Whiley also sent invitations to some of the Mi’kmaw nations living near the community to discuss how they can work together on affordable housing for their communities. Whiley says his team has not been able to coordinate meetings yet, but they intend to focus on what housing projects are possible, especially since the CMHC funding will support capacity for some team members to work at the Upper Hammonds Plains CLT full-time.
In March, Public Services and Procurement Canada partnered with CMHC and the Mi’kmaw Native Friendship Society to deliver and operate affordable housing redevelopments for Indigenous people.
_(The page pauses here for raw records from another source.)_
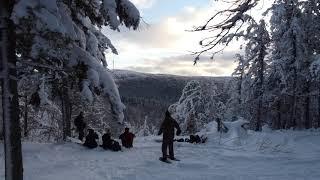 Prosser Ridge Lookout, Dobson Trail, January 10, 2021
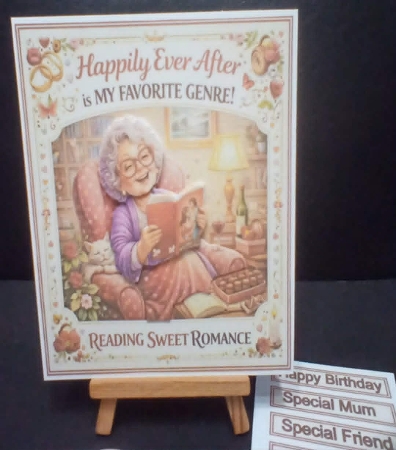 Reading Sweet Romance Mini Kit by Benita Jenkinson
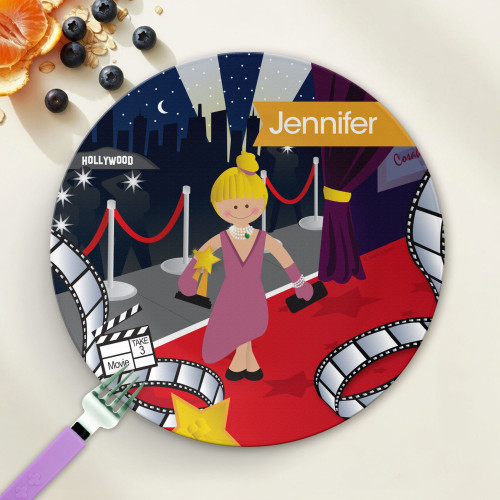In The Spotlight Kids Plates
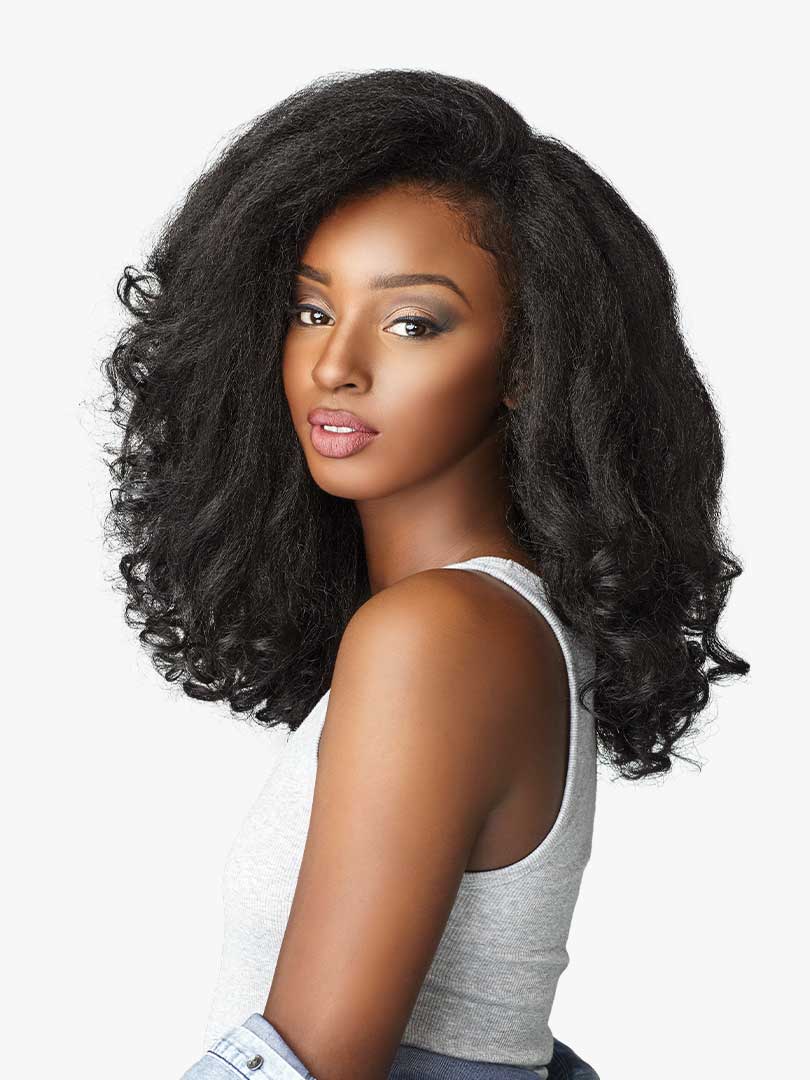 Curls Kinks & CO Instant Weave 1/2 Half Wig - IW RAIN MAKER - ShanShar Beauty : The world of beauty.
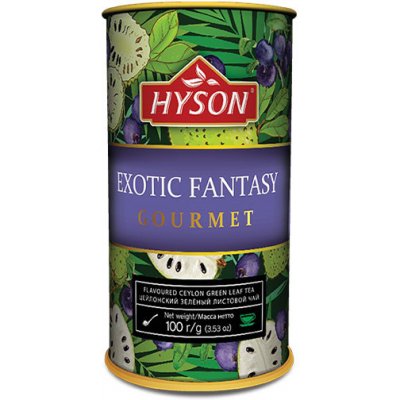Hyson Zelený čaj Soursop s borůvkou Exotic Fantasy sypaný 100 g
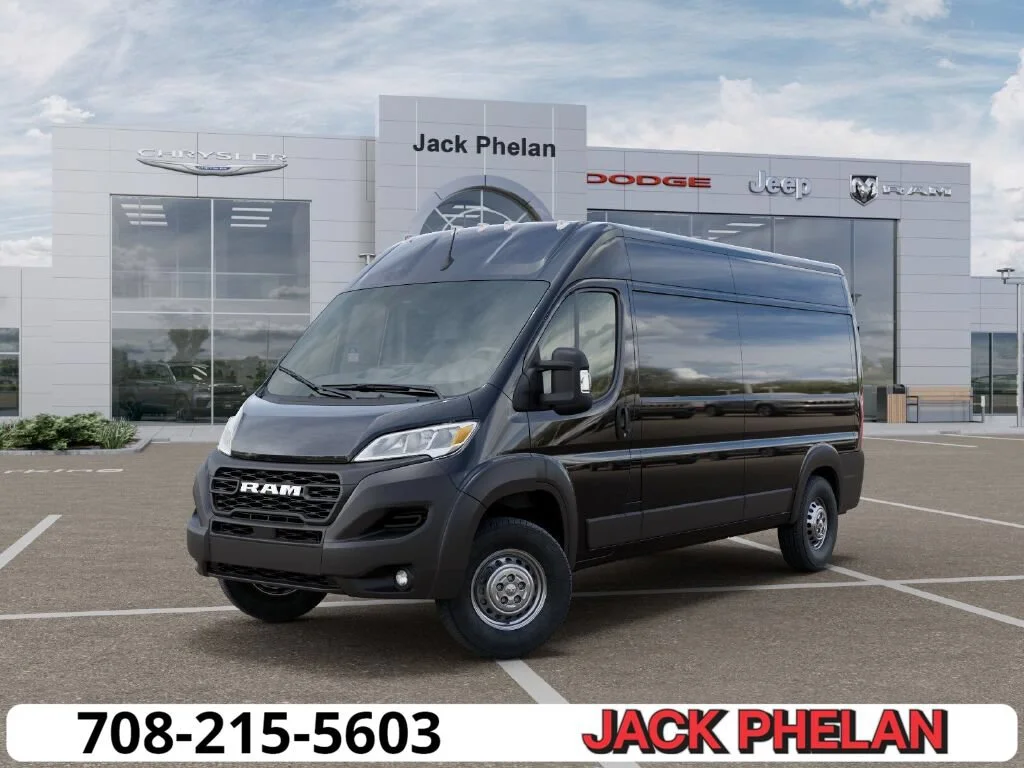 2027 RAM ProMaster Cargo Van Tradesman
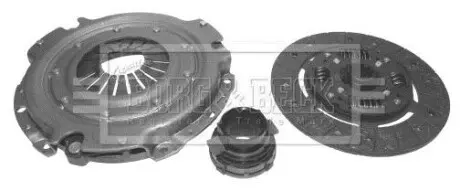 -комплект зчеплення BORG & BECK HK9533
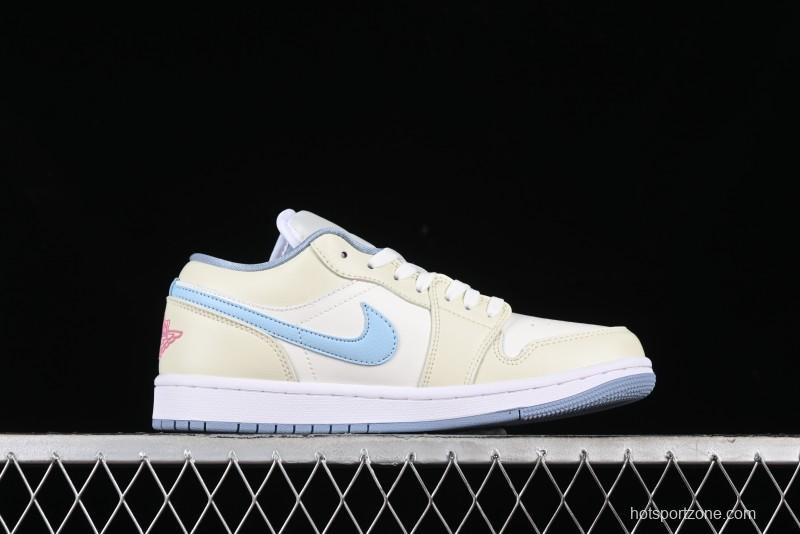 Nike Air Jordan 1 Low AJ1 Casual Sneakers - DC0774-164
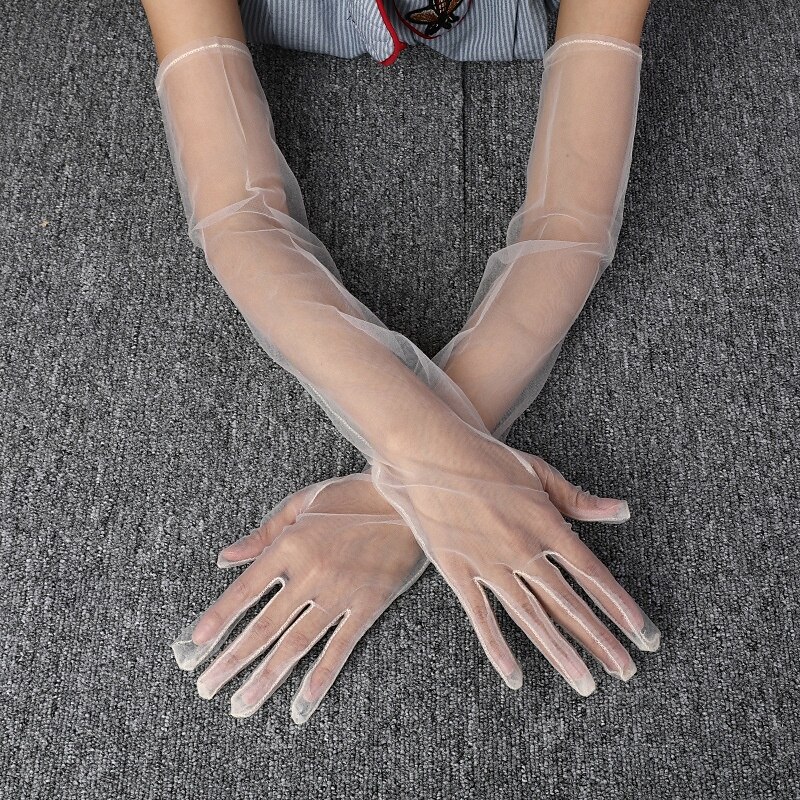 Dámské 1 pár Špičky prstů / Rukavice bez prstů Šik ven / Venkovní Rukavice - Jednobarevné Celý prst 2025 - $14.49 –P1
“There’s been a lot of injustices to the Indigenous community as well, and so working closely with them to visualize their own sovereignty around how they want to create, claim, reclaim land – they can do that through the community land trust,” says Rondo CLT’s Mikeya Griffin, who coordinated with the Upper Hammonds Plains team from the early stages of their co-operative housing program project. She also visited Upper Hammonds at the beginning of April to see the work the CLT had done. “We’re here to support all of those movements too. It’s a delicate balance because we do acknowledge that we sit on unceded land here too . . . We work together, individually and collectively, to ensure that we have land that works in perpetuity for communities.”
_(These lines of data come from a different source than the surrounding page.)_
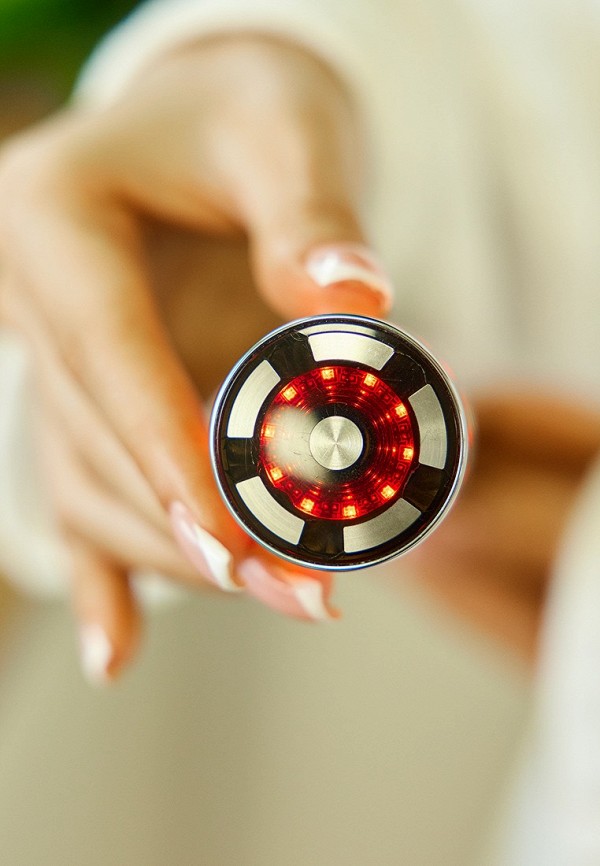 Gezatone Массажер для лица и тела - с функциями rf-лифтинга, миостимуляции и светотерапии - фото 4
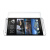 拓蒙 HTC ONE M7钢化膜高清防爆抗蓝光玻璃屏幕保护膜 HTC ONE M7 无色高清普通版*1片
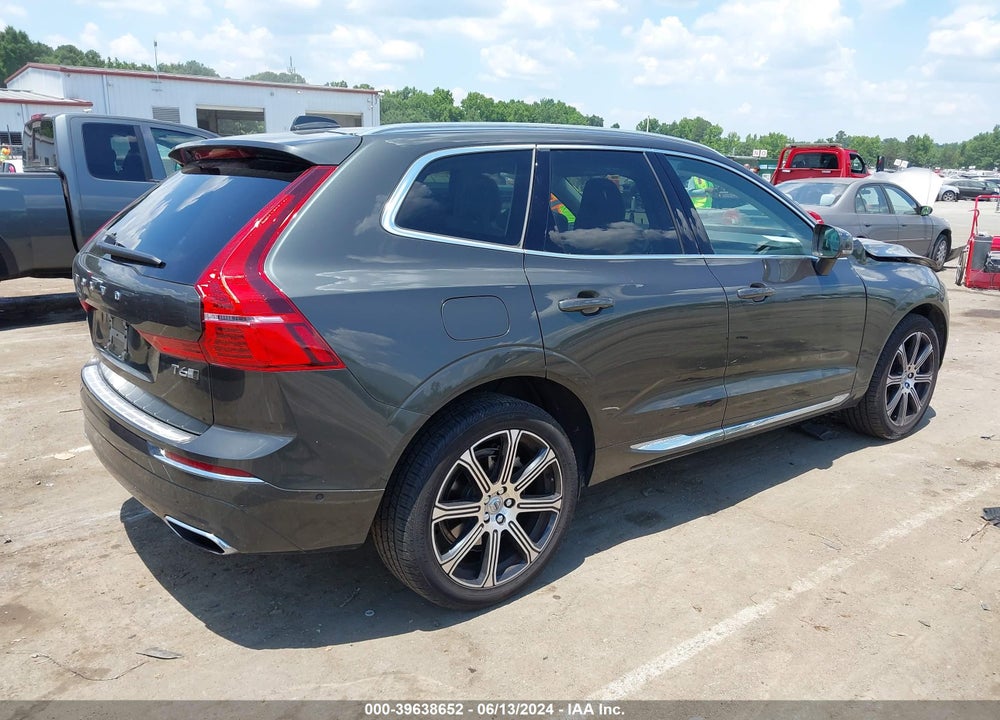 2018 VOLVO XC60 T6 INSCRIPTION VIN: LYVA22RL5JB122347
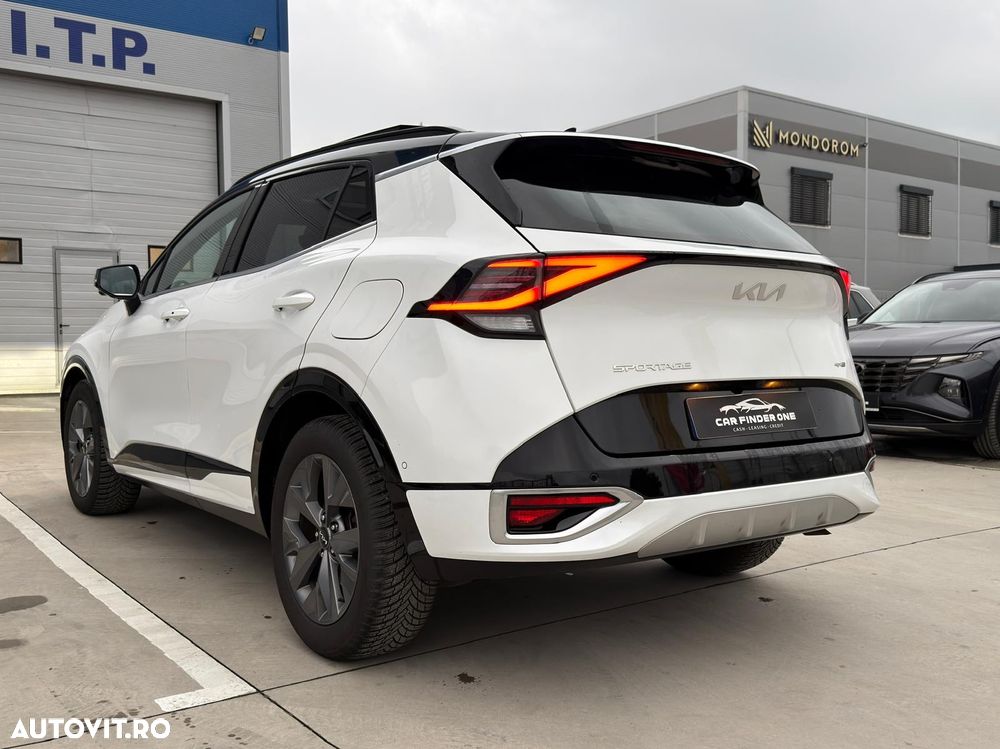 Kia Sportage 1.6T-GDI Hybrid 2WD Aut. GT-Line - 4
It’s a delicate balance because we do acknowledge that we sit on unceded land here too . . . We work together, individually and collectively, to ensure that we have land that works in perpetuity for communities.
Mikeya Griffin
In Ontario, the Little Jamaica CLT is prioritizing private capital over public funding. Anyika Mark, the organization’s community engagement manager, says that in the absence of progressive councillors or provincial parties, CLT planners must think outside the box for funding – especially in a more conservative political climate.
The construction of the Eglinton Crosstown Light Rail Transit has disrupted homes and businesses in what was once a predominantly Black, predominantly Jamaican hub in Toronto. “The construction company that was going through the process was very dismissive. They had absolutely no interest in working with community members,” Mark says. “The destruction was just so visceral.”
This led Mark and other concerned residents to begin Black Urbanism TO, a non-profit that engages with the community on urban planning models to protect the neighbourhood. “It’s a non-negotiable that we’re also preserving small business,” Mark says. She says migrants from the 1950s, ’60s, and ’70s were residents who also owned businesses in the buildings for as long as they lived in the neighbourhood; those buildings are now being destroyed. “These mixed-use buildings are so multifaceted. That’s really our major focus: we want to be able to take those off of the market and keep those in community control, because we can create holistic communities,” she says. “There really is power and strength in stacking private funding as well and figuring out what the approach is to getting investors on board to the [CLT] model.”
Mark says Little Jamaica CLT has been working with the Toronto Chinatown Land Trust and the Kensington Market CLT because they are two cultural enclaves in the city that also want to protect small businesses from being destroyed. “Small business is part of the livelihood of our community,” Mark says.
The CNCLT’s Community Land Trust Summit is another opportunity for organizations to learn from each other and collaborate. This year’s summit will be its third iteration, taking place in Halifax. Mark says that there are conversations about holding an international Black CLT summit too, as people are excited to learn how the land trust movement will progress in the future.
“Ultimately, we want to continue that strong Black presence where the land trust is Black-led, Black-focused, Black-serving. They are the board, they are the members, they are the CLT users. They’re the cultural leaders that are doing cultural activations that help to support the land trust,” Mark says. “I think Black folks deserve that, especially in Toronto – how much culture we’ve made, how much we’ve given to the city. We deserve to be leaders of our own neighbourhoods and our own stories.”